Verification Date — 07/16/1987
Screening-Level Literature Review Findings — A screening-level review conducted by an EPA contractor of the more recent toxicology literature pertinent to the RfD for Bromodichloromethane conducted in September 2002 identified one or more significant new studies. IRIS users may request the references for those studies from the IRIS Hotline at hotline.iris@epa.gov or (202)566-1676.
__I.A.7. EPA Contacts (Oral RfD)
Please contact the IRIS Hotline for all questions concerning this assessment or IRIS, in general, at (202)566-1676 (phone), (202)566-1749 (FAX) or hotline.iris@epa.gov (internet address).
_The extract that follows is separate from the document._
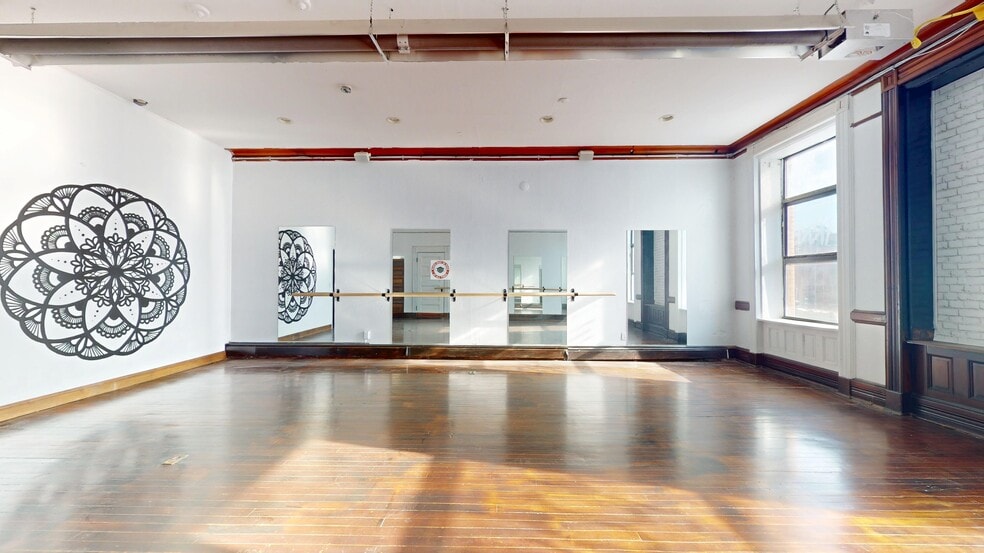 More Photos Of 42 W Main St, Riverhead Storefront Retail Office For Lease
_I.B. Reference Concentration for Chronic Inhalation Exposure (RfC)
Substance Name — Bromodichloromethane
CASRN — 75-27-4
Not available at this time.
_II. Carcinogenicity Assessment for Lifetime Exposure
Substance Name — Bromodichloromethane
CASRN — 75-27-4
Last Revised — 03/01/1993
Section II provides information on three aspects of the carcinogenic
assessment for the substance in question; the weight-of-evidence judgment of
the likelihood that the substance is a human carcinogen, and quantitative
estimates of risk from oral exposure and from inhalation exposure. The
quantitative risk estimates are presented in three ways. The slope factor is
the result of application of a low-dose extrapolation procedure and is
presented as the risk per (mg/kg)/day. The unit risk is the quantitative
estimate in terms of either risk per ug/L drinking water or risk per ug/cu.m
air breathed. The third form in which risk is presented is a drinking water
or air concentration providing cancer risks of 1 in 10,000, 1 in 100,000 or 1
in 1,000,000. The rationale and methods used to develop the carcinogenicity
information in IRIS are described in The Risk Assessment Guidelines of 1986
(EPA/600/8-87/045) and in the IRIS Background Document. IRIS summaries
developed since the publication of EPA's more recent Proposed Guidelines for
Carcinogen Risk Assessment also utilize those Guidelines where indicated
(Federal Register 61(79):17960-18011, April 23, 1996). Users are referred to
Section I of this IRIS file for information on long-term toxic effects other
than carcinogenicity.
_II.A. Evidence for Human Carcinogenicity
__II.A.1. Weight-of-Evidence Characterization
Classification — B2; probable human carcinogen
Basis — Based on inadequate human data and sufficient evidence of
carcinogenicity in two animal species (mice and rats) as shown by increased
incidence of kidney tumors and tumors of the large intestine in male and
female rats, kidney tumors in male mice, and liver tumors in female mice.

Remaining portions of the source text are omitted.